Do organizations need to be concerned about fostering loyalty when some employers simply want their employees to do what is asked of them? Cappelli would answer "yes." The big challenge for employers, he says, is that "employees have discretion, more so now with jobs that have more autonomy. Bosses aren't, and can't be, looking over them to tell them what to do all the time."

In addition, notes Cobb, some workers have brought with them, or acquired, skills that are very difficult to replace. "You don't want that knowledge and expertise to walk out the door." Also, disloyal employees can be a risk for an employer if they spread the word that their company is an undesirable place to work. "It affects the perceptions your customers have of you," he adds.
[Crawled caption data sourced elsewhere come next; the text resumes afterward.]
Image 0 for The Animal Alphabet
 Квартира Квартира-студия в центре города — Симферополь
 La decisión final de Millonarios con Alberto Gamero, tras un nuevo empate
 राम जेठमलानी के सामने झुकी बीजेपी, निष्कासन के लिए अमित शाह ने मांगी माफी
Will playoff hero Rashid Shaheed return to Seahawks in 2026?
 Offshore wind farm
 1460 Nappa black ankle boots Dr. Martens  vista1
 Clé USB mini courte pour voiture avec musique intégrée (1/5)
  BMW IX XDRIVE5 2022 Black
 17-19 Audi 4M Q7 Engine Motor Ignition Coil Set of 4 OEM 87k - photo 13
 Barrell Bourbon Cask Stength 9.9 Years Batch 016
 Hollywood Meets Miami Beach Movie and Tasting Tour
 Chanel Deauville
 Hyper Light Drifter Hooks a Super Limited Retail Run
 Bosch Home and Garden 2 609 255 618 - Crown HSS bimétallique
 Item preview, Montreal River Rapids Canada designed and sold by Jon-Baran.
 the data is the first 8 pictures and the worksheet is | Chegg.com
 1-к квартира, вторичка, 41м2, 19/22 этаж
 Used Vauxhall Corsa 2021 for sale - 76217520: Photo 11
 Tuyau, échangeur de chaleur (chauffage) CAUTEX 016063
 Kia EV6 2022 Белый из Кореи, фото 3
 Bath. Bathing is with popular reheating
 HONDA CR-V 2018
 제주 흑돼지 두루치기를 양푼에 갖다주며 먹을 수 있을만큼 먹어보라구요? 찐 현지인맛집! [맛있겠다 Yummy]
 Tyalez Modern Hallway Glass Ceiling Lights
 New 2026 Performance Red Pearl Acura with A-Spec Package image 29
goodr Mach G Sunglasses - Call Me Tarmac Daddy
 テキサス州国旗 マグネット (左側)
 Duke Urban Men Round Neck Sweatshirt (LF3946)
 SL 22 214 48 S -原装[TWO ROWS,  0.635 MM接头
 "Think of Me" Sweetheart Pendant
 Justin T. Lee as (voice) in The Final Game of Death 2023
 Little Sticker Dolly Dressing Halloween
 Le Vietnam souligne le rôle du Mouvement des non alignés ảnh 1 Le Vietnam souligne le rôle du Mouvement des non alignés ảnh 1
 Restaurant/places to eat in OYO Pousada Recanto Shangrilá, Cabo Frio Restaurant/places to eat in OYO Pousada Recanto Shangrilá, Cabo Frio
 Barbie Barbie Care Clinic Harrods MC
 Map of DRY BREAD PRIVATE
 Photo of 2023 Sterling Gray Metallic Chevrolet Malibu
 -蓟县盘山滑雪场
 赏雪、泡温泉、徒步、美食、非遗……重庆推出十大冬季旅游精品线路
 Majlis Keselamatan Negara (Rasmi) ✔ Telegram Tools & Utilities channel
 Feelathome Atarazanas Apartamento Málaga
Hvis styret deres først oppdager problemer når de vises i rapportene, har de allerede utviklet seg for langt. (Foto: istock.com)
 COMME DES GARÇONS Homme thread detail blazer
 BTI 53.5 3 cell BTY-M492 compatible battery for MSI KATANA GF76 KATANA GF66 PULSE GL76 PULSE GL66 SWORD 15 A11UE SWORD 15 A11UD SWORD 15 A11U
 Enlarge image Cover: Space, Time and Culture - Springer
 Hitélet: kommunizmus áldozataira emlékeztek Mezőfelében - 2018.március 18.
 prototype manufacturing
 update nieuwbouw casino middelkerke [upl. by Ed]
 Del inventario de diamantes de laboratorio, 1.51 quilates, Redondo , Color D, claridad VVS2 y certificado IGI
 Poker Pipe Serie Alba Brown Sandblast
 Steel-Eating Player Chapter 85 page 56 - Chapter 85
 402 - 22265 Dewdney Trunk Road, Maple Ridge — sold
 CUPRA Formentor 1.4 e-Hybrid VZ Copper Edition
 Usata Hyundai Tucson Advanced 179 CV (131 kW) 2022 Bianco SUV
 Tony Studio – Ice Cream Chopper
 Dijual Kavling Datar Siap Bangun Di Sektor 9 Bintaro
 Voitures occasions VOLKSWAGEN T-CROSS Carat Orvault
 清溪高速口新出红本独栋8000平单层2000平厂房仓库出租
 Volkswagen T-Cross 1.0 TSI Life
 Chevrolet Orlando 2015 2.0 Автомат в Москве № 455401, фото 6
Perhaps the most compelling argument for trying to retain good workers is that replacing managerial and professional employees can cost approximately 150 percent of their annual salary, according to various estimates. Harter suggests that for frontline, lower end workers, it costs about half of their salaries, while for high-level IT professionals, the figure could be as high as 200 percent. "The real impact," he says, "can be on co-workers' productivity."

For Cobb, the debate over employee loyalty comes down to the actions of the more dominant side of this equation — the firm. "The employee/employer relationship has changed because of the firms. You hear people say that 'employees just don't care about having long-term employment relationships.' I don't think humanity changes that much." The rhetoric of the 1980s, he says, was all about "'taking control of your career, and your life.' I have a hard time thinking my father is that different from me [in this regard]. It doesn't make sense to say that individuals who were born in the 1970s experience a [huge] epiphany that they need to be in control of their lives, and that people born in the 1940s don't think that way. People have always wanted to be more in control of their lives." What's different now, he notes, is how firms treat employees. "It seems strange to me to be loyal to a firm that I know has no loyalty to me."